I definitely started this post Monday. It's been a busy week.
Ashley, on her Onward and Upward blog, wrote about learning to grocery shop and cook, now that there's two mouths to feed in her household. She got some tips from a series on the Biblical Womanhood blog about budgets and grocery shopping (see her blog above for links). I've blogged some about specific kitchen experiments, but recently we've made some higher-level changes that hopefully will help us save money and eat healthier-- or, rather, eat IN, which is, generally, healthier and less expensive (For more on that topic, check out a fabulous post at Get Rich Slowly, asking Is Eating Out Cheaper than Eating In?). I thought I'd add my two cents worth to the conversation.
Starting two weeks ago, Josh and I took Dave Ramsey's advice and decided to keep track of where all our money is going by spending (pretty much) only cash. We made a budget for different areas like gas, groceries, eating out, etc, got those amounts in cash when paycheck time came around, and put our budgeted amounts in separate envelopes. Now, if Josh is headed out to get gas for the cars, he'll grab money from the Gas envelope, or if I'm going to the grocery store, I'll make sure to have enough cash from the Grocery envelope to cover the things on my list. Speaking of the list...

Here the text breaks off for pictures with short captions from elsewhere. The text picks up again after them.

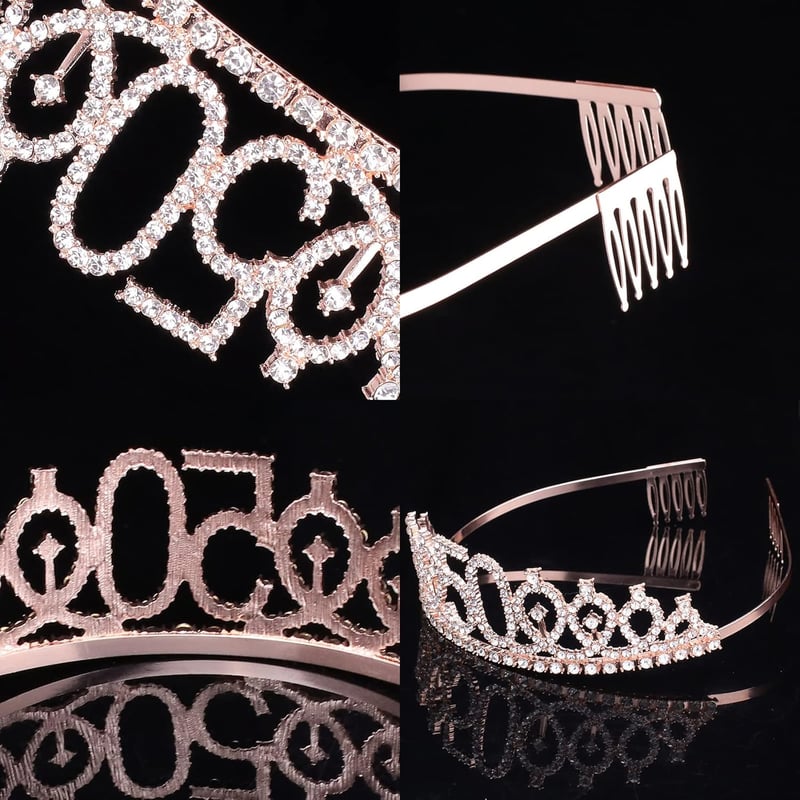 50th Birthday Tiara Set with Sash & Pearl Pin for Women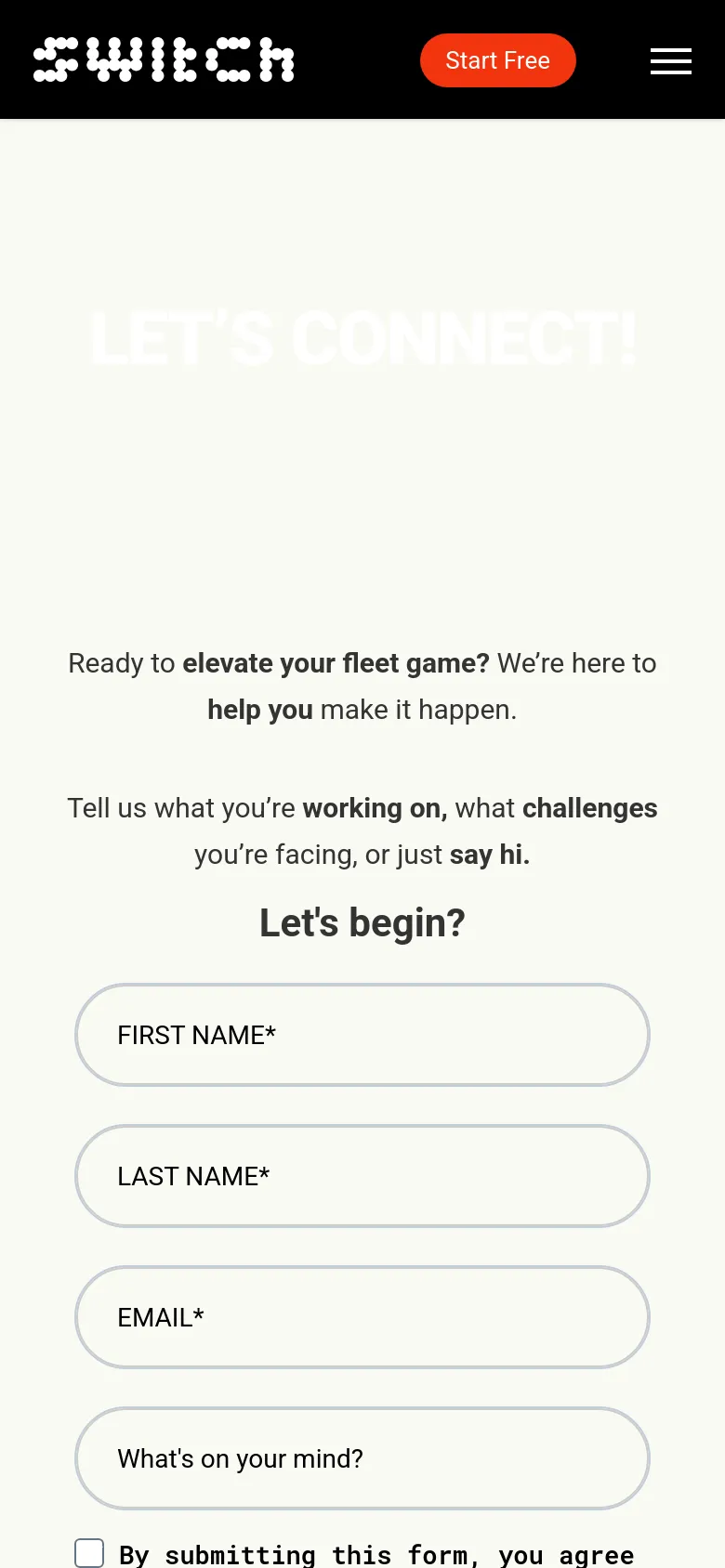 The mobile version uses a single-column vertical layout where the large 'LET'S CONNECT!' heading is centered at the top. Below the heading, the text and contact form fields are stacked vertically for easy scrolling. A bright orange 'Start Free' button is prominent in the header, and a lime green notification bar appears at the bottom of the screen.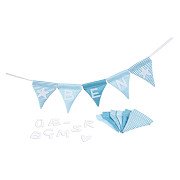 Goki Fabric Bunting Make Blue with 10 Flags and Alphabet Characters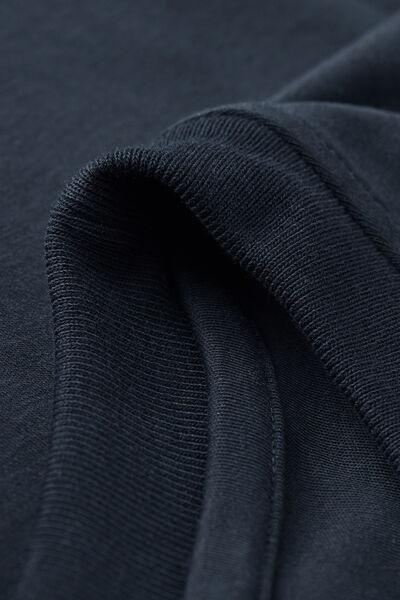 Blue - 800 - Midnight Blue Interlock Cotton Oversize T-shirt, , large image number 4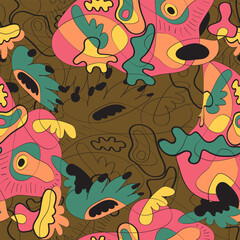 Psychedelic seamless pattern with hand-drawn elements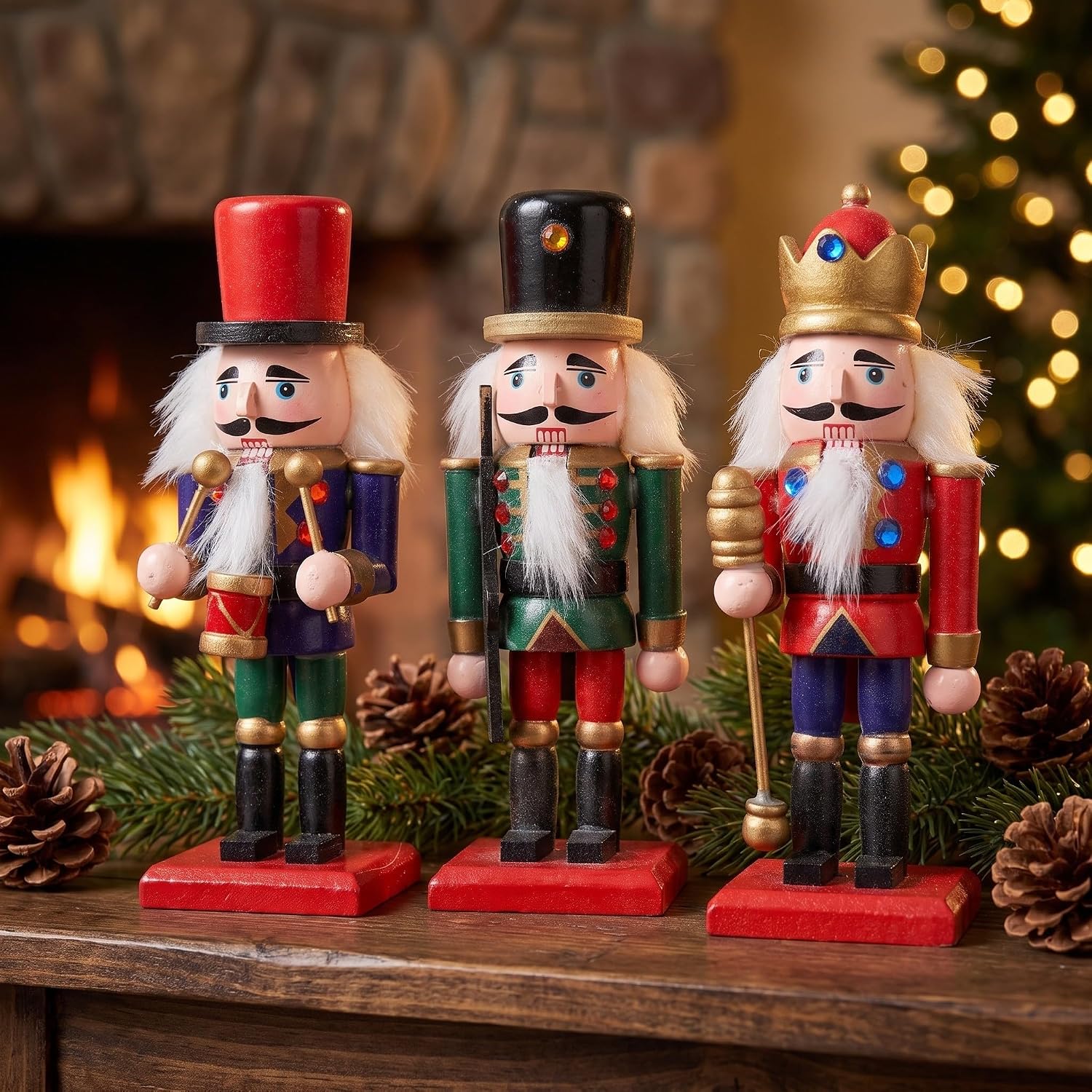 Abaodam 3pcs Wooden Nutcracker Figurine Mantels Gift Wrap Accent image 5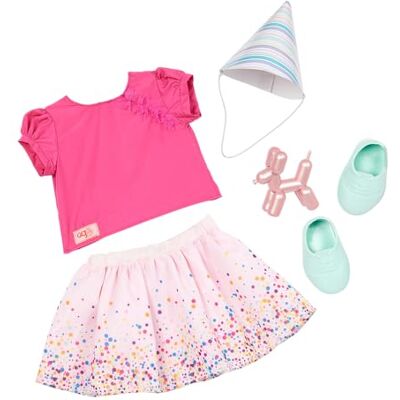 Our Generation Vår generation – födelsedagsoutfit – konfettitryck kjol & Poodle Ballong Animal – 45 cm dockkläder – Pretend Play – leksaker för barn ålder 3 & Up – det är dags att fest Our Generation Vår generation – födelsedagsoutfit – konfettitryck kjol & Poodle Ballong Animal – 45 cm dockkläder – Pretend Play – leksaker för barn ålder 3 & Up – det är dags att fest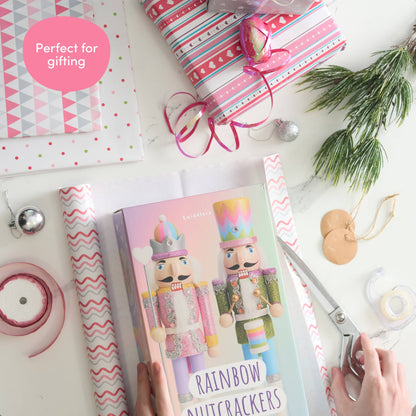 2 Rainbow Wooden Nutcracker Soldiers, 30cm / 12" - Christmas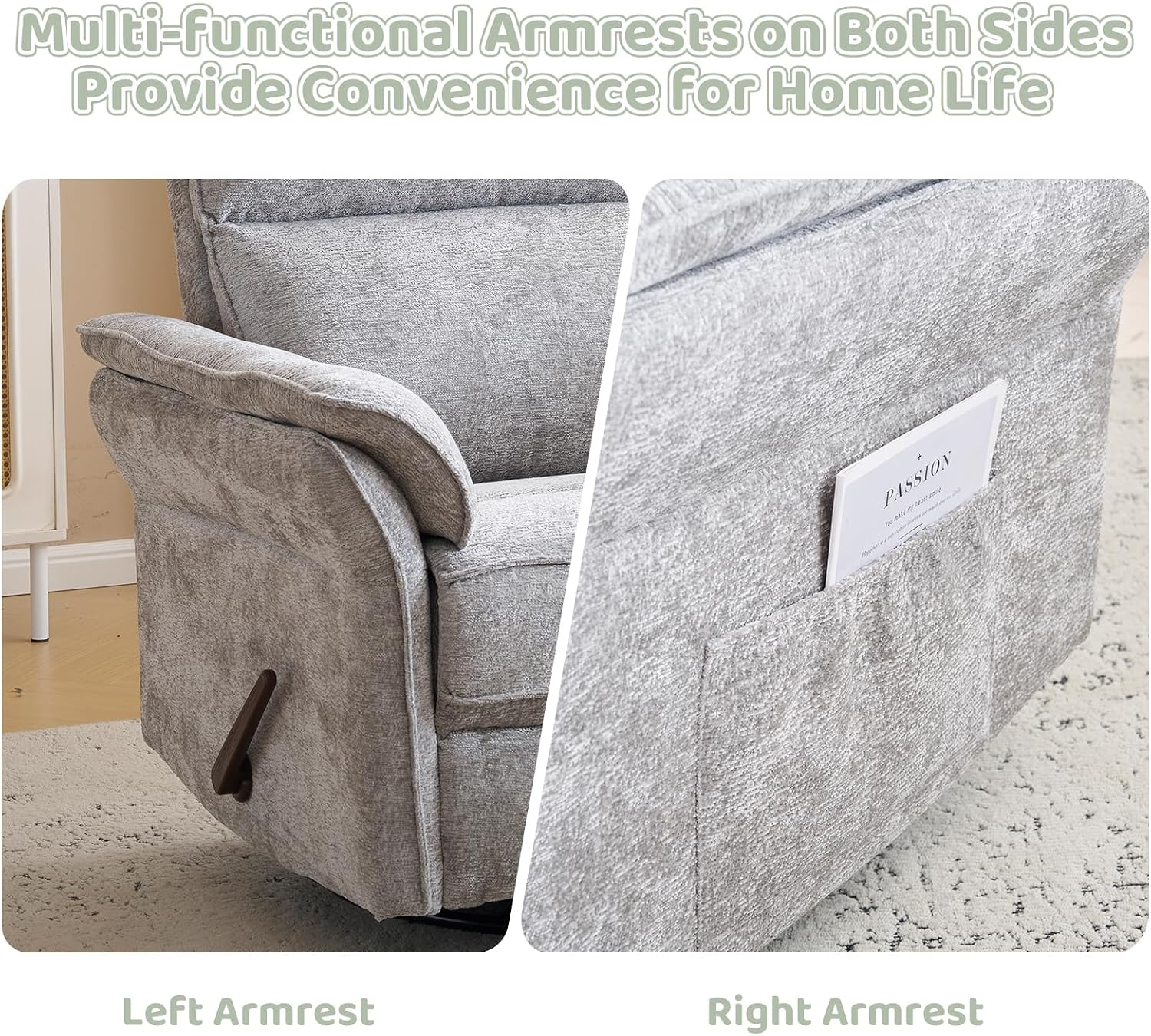 Swivel Rocker Recliner with Adjustable Headrest,Upholstered Glider Rocker Recliner with Overstuffed Armrest,Manual Recliner Nursery Chair for Living Room,Light Grey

Another thing we're doing is making a meal list for the week. From this list, we look at our current food supply and decide what we need to buy for the week to make those meals happen. Then we go to the store and get only the things on the list. This avoids impulse buys and the grocery store, which are very tempting for me, as I have gotten more creative with cooking and am looking to try to make new things left and right. More on that later. As we use up staples- stuff we want to have around the house regardless of the meal list- they go on the shopping list for the following weekend. We always have a few extra meals around the house to make in case nothing on the list we made sounds good, or unforseen time constraints require something simpler. Which brings me to our third strategy...
This is the newest and yet-unproven strategy. A while back, I mentioned I cooked an Italian Sausage Soup that went over well. It made 4 servings, and we ate two immediately and froze the other half of the meal. A couple weeks ago, I got the ice cube out of the freezer, heated it up, and it was as good as ever. Last Saturday morning, I cooked up another batch of the soup, froze both meals, and made a pizza crust recipe I had tried before as well, which made 6 crusts. These crusts freeze well, and are pretty easy to spead out, put sauce on, and pop in the oven. So, over the course of a couple hours in the morning, before my husband was even awake, I had made 8 meals to have on hand when we decide nothing else sounds good. This week, while waiting for dinner to cook, I made another recipe I wanted to see how it would taste (veggie burgers? what am I thinking?), but, because dinner was already cooking, it got frozen for later.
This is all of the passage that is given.